From c014a0df4b155bff60780732040baa9ca1a851d2 Mon Sep 17 00:00:00 2001
From: Bert Palm <bert.palm@ufz.de>
Date: Thu, 12 Mar 2020 14:43:30 +0100
Subject: [PATCH] fine new properties / methods

---
 dios/dios.py | 60 ++++++++++++++++++++++++++++++++++++++++++++++------
 1 file changed, 54 insertions(+), 6 deletions(-)
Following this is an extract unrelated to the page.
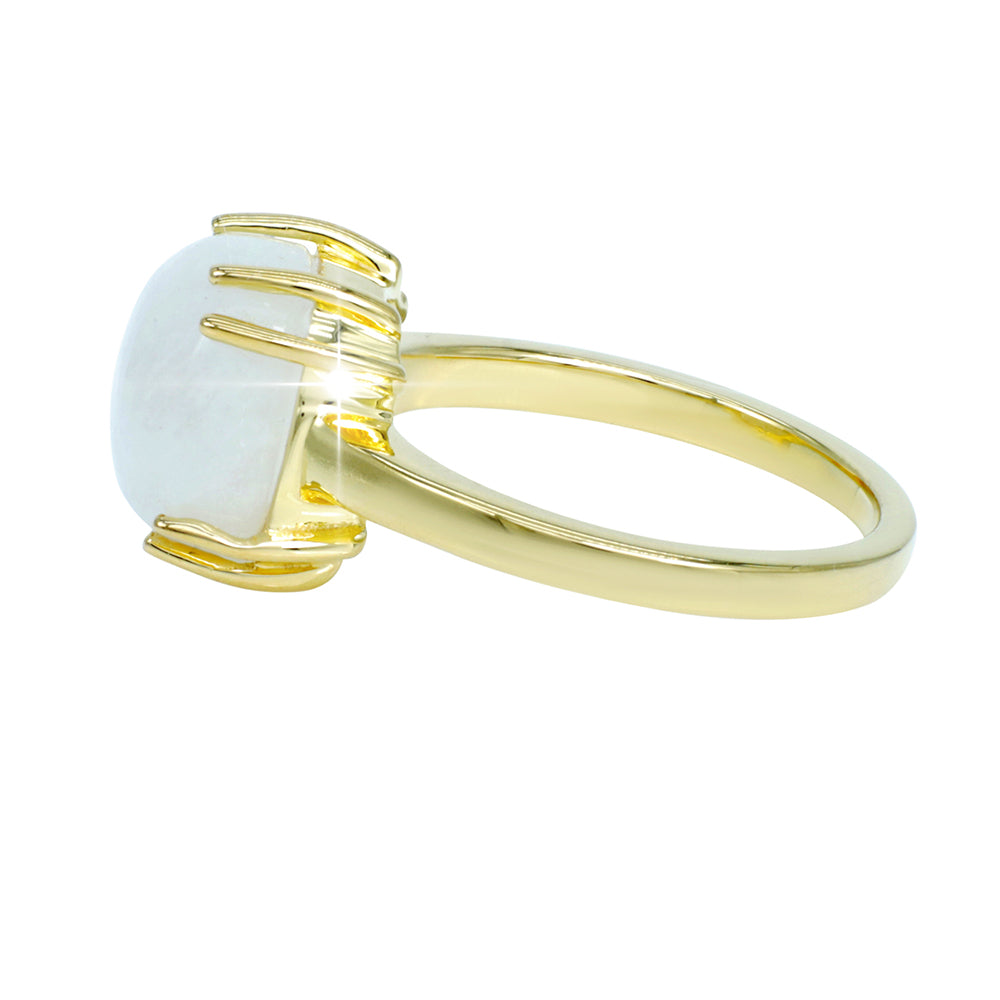 Goldplattierter Silberring mit Regenbogenmondstein 3 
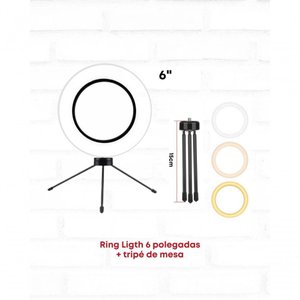 Ring Light 6" de Mesa + Tripé Iluminador Arco de Led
diff --git a/dios/dios.py b/dios/dios.py
index 0675e3d..8117f3c 100644
--- a/dios/dios.py
+++ b/dios/dios.py
@@ -13,7 +13,6 @@ import numpy as np
 import operator as op
 
 import functools as ftools
-import itertools
 
 import pandas.core.dtypes.common as dcom
 
@@ -127,9 +126,8 @@ class DictOfSeries:
             if data is not None:
                 self._init_insert_data(data, columns)
 
-            # NOTE: self._data contain nans at locations
-            # where no data was present, but a column-name
-            # was given
+            # self._data contain nans at locations, where no
+            # data was present, but a column-name was given
 
             if itype is None:
                 self._itype = _find_least_common_itype(self._data.dropna())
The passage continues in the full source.